- RECORDS SHOWN
↓

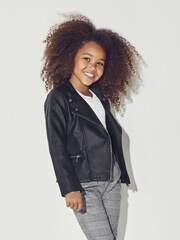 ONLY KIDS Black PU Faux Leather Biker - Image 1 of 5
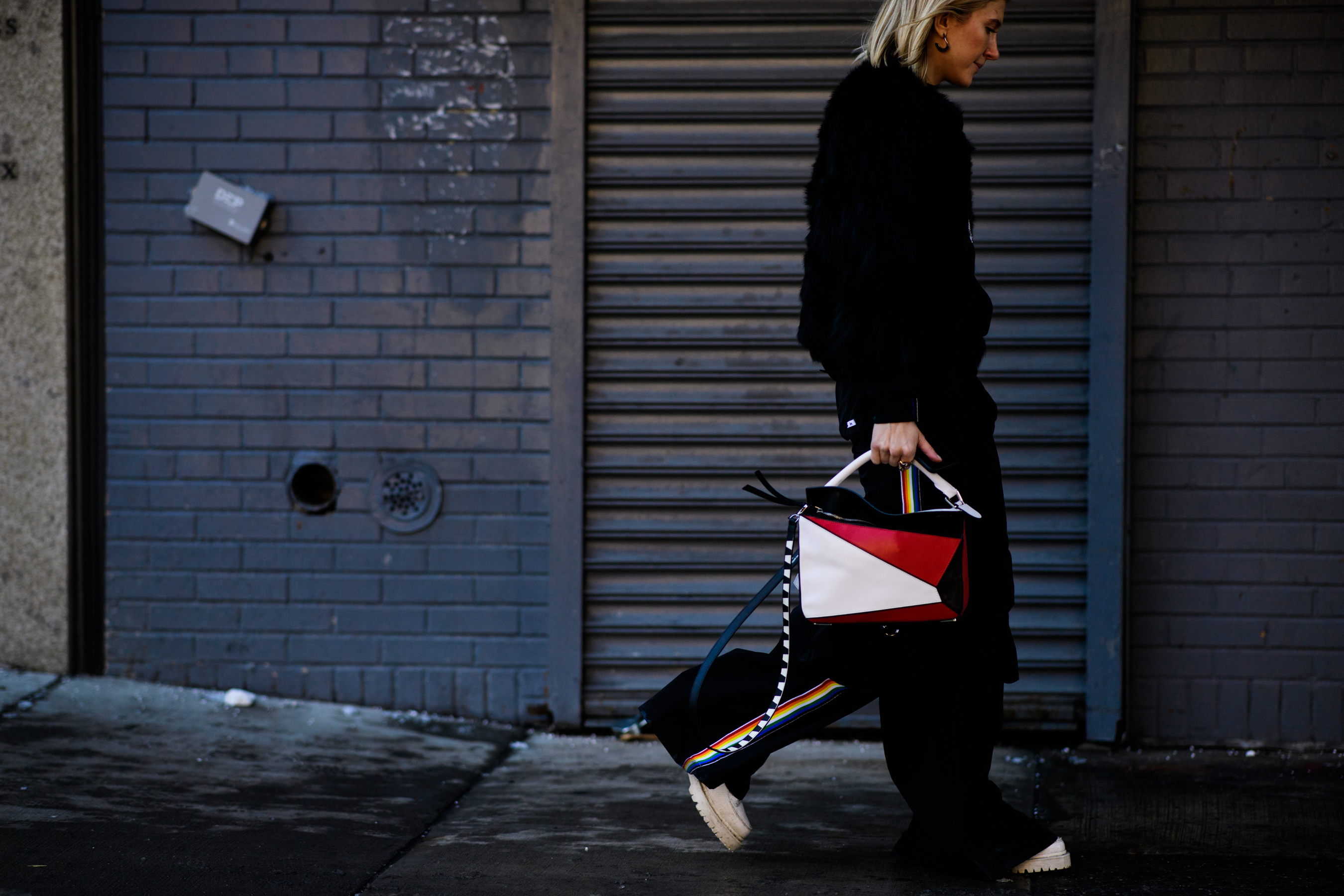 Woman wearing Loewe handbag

↑
↓

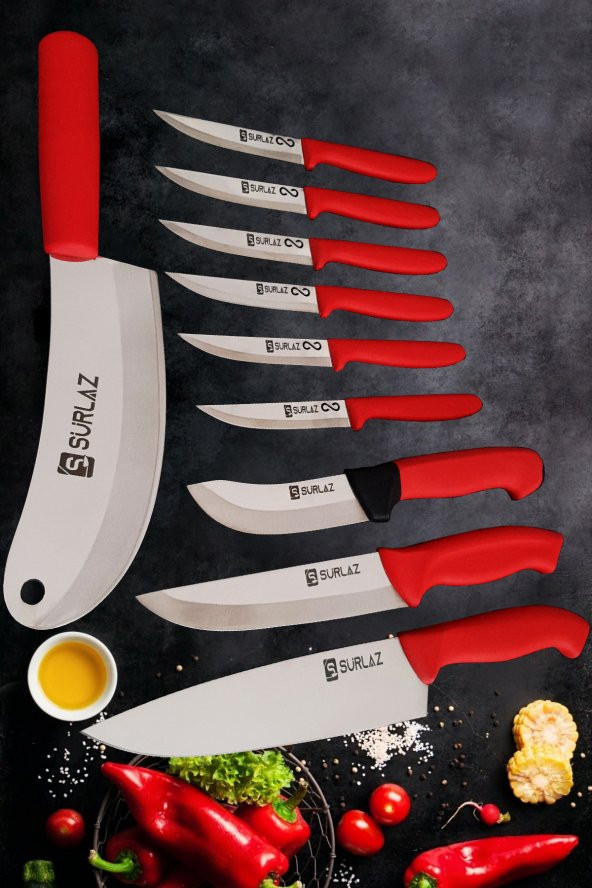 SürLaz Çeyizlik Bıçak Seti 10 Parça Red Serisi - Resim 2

↑

Beginning with the line holding "ONLY KIDS Black" in the material above, restate word for word each line through the line holding "Woman wearing Loewe handbag", and exclude pictures.

 ONLY KIDS Black PU Faux Leather Biker - Image 1 of 5
 Woman wearing Loewe handbag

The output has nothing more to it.